Этот странный факт многих смутит, по крайней мере тех.. кто не пытался покончить с собой.
Надежда Тэффи вспоминала, как во время революции, молодого матроса вели на расстрел по лужам, и он обходил их, боясь запачкаться и промочить ноги, словно бы думал жить ещё долго.
Эта рыба, быть может преследовала сына Марины во снах, и не только, но об этом позже.
По крайней мере здесь инфернальная психология сердца поэта во тьме: та, чьё имя — морская, вовсе не отдавала последнюю дань быту, с которым боролась всю жизнь, отвоёвывая место для бытия.
Нет, и вовсе не думала она, что Мур сможет съесть эту рыбу.
Тут что-то другое… Однажды в церкви у Марины был духовный экстаз а-ля св. Тереза: она вознеслась к голубому куполу, и плыла над головами людей и ангелов, как рыба…
Рыбе, русалке, что стала дочерью воздуха, не дали плыть и причинили ей ад и огонь: Марина вознеслась в воздух — физически, замерев в нём навсегда, на тонком, молящемся луче верёвки.
Стоп, а где же главная тайна, о которой ещё никто не знает?
Всё просто: Мур был сыном Пастернака.
Нет, зачала Марина его от Сергея Эфрона. Но..
В то время Марина была влюблена в Пастернака и вела с ним оживлённую переписку: соприкасались не тела, но души, слова: тёплая плоть души на простынях смятых листов.
Это удивительно, здесь есть какая-то доязыческая тайна: так в древности женщины зачинали от солнца, шума листвы и птиц, в которых превращались боги.
Как и в сказке Пушкина, Марина родила странное существо: она его называла — зверобушек.
Воробушек, и что-то ещё, звериное. Она называла сына — Мур.
Ассоциативная, пушкинская цепь, на поэтическом, генеалогическом древе, чьи ветви тянутся к Пастернаку: Борис, Барс, Барсик, Мурзик, Мур. А ещё — Максик.
Но это чуть позже, когда кучерявый, как взошедшее осеннее солнце, сын, стал похож на её любимого друга — Макса Волошина.
Удивительным образом, взросление Мура отразило на себе физические и духовные качества её друзей, которых она любила.
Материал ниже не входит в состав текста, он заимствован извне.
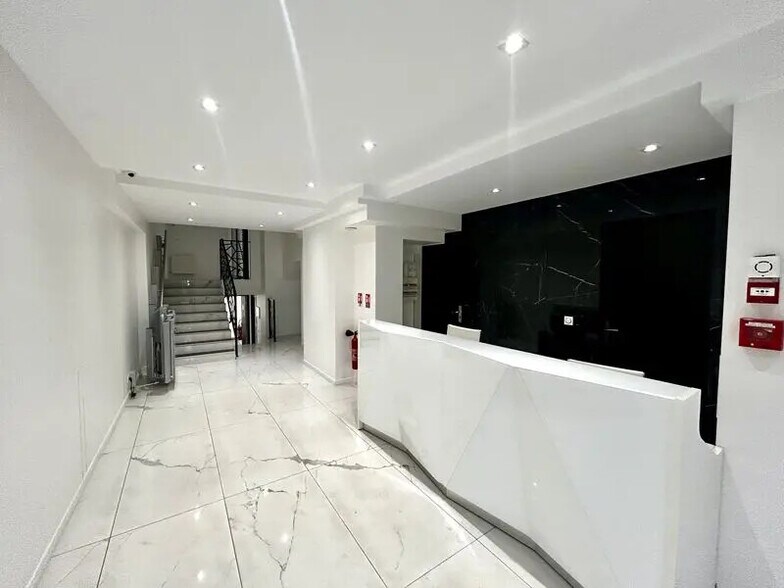 Local commercial dans Paris à vendre - Hall d’entrée – Image 1 sur 17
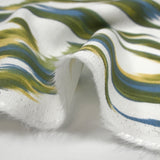 Crêpe viscose imprimé ondes abstraites vert et bleu fond blanc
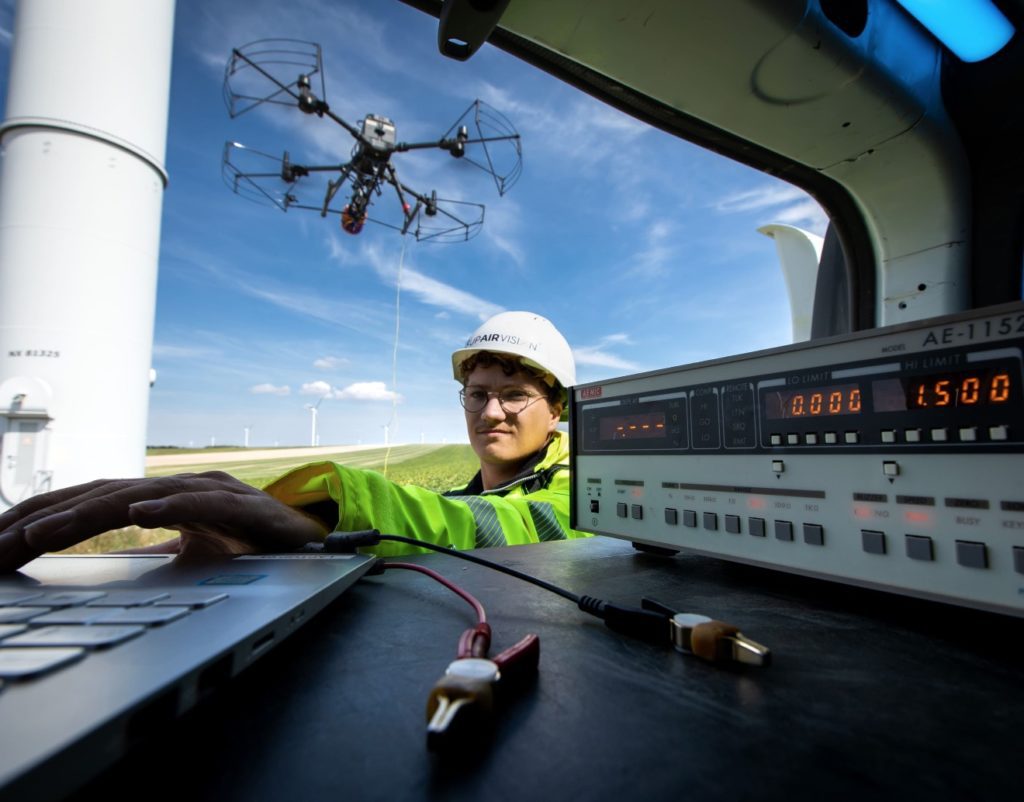 ce-drone-inspecte-les-chemins-de-foudre-des-eoliennes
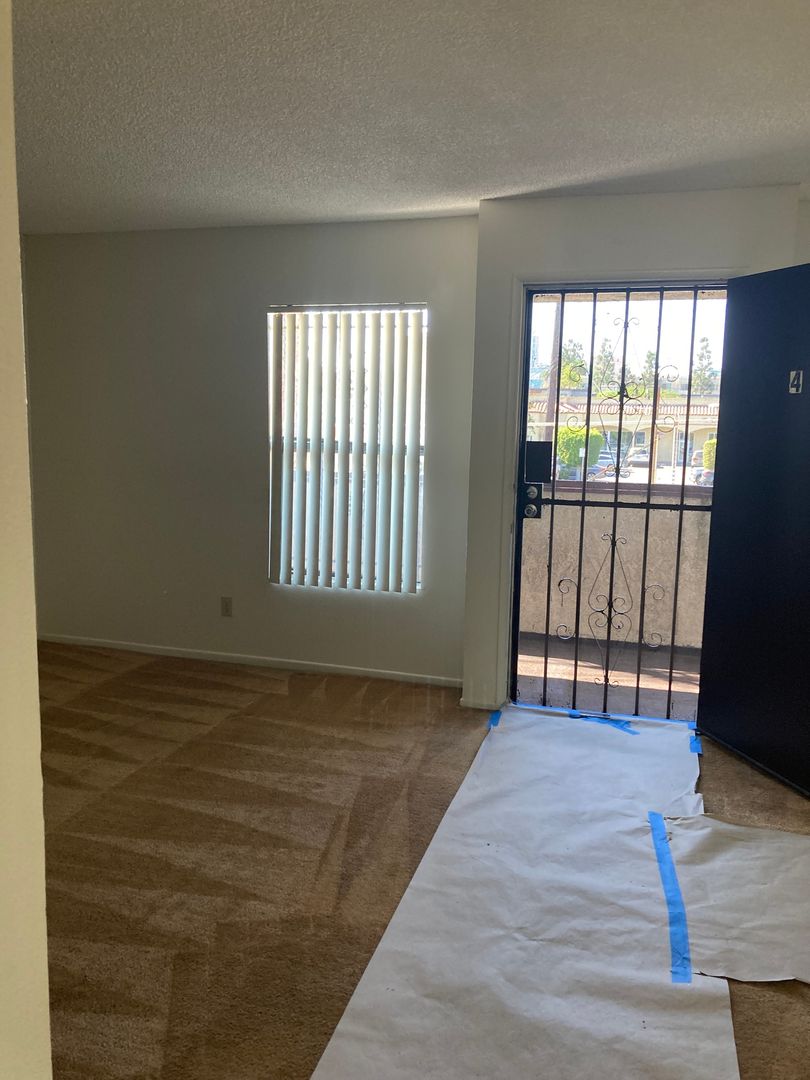 LONG BEACH Apartment: 725 MAGNOLIA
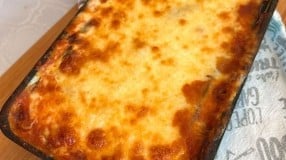 Lasanha de berinjela a bolonhesa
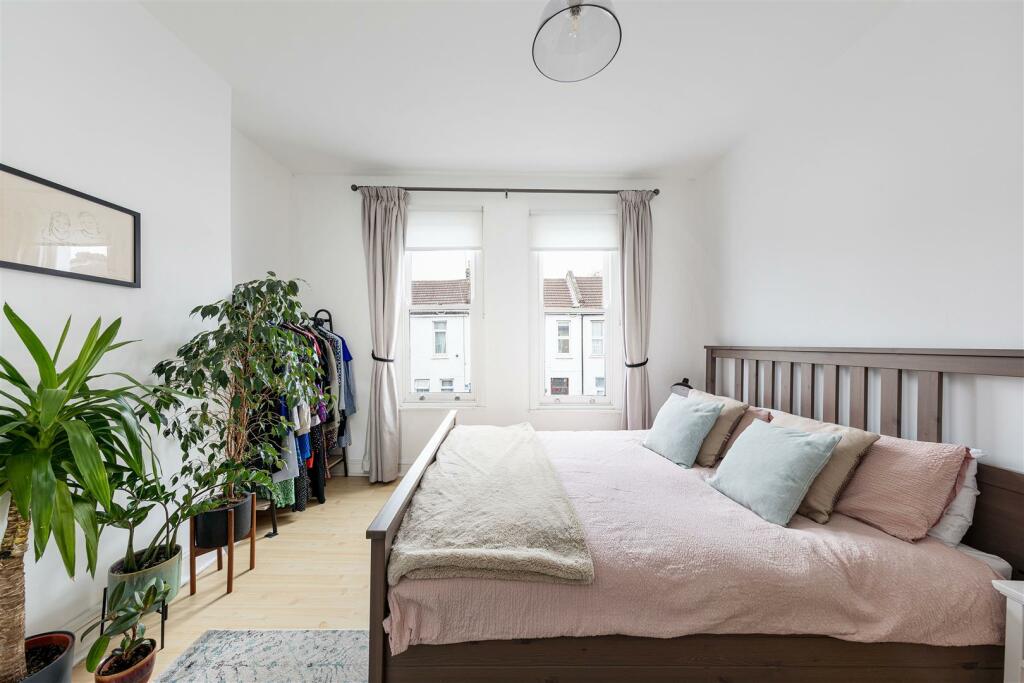Curwen Avenue, E7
Примечательно, что в конце своей жизни, Мур стал странно походить.. на Константина Родзевича, который признался перед смертью, что Мур, возможно, его сын.
Вот так просто, Марина разрушила преграду меж любовью и дружбой, телом и душой.
Пастернак чувствовал этот спиритуалистический секс переписки, испугавшись его, попятившись крыльями в синеве, как пловец, узревший русалку.
Марина, как крылатая Амазонка, взяла от мужчины своё, солнечное, и оставила беспомощного мужчину в недоумении на берегу белого, недописанного листа в приливе синевы тёмных строк.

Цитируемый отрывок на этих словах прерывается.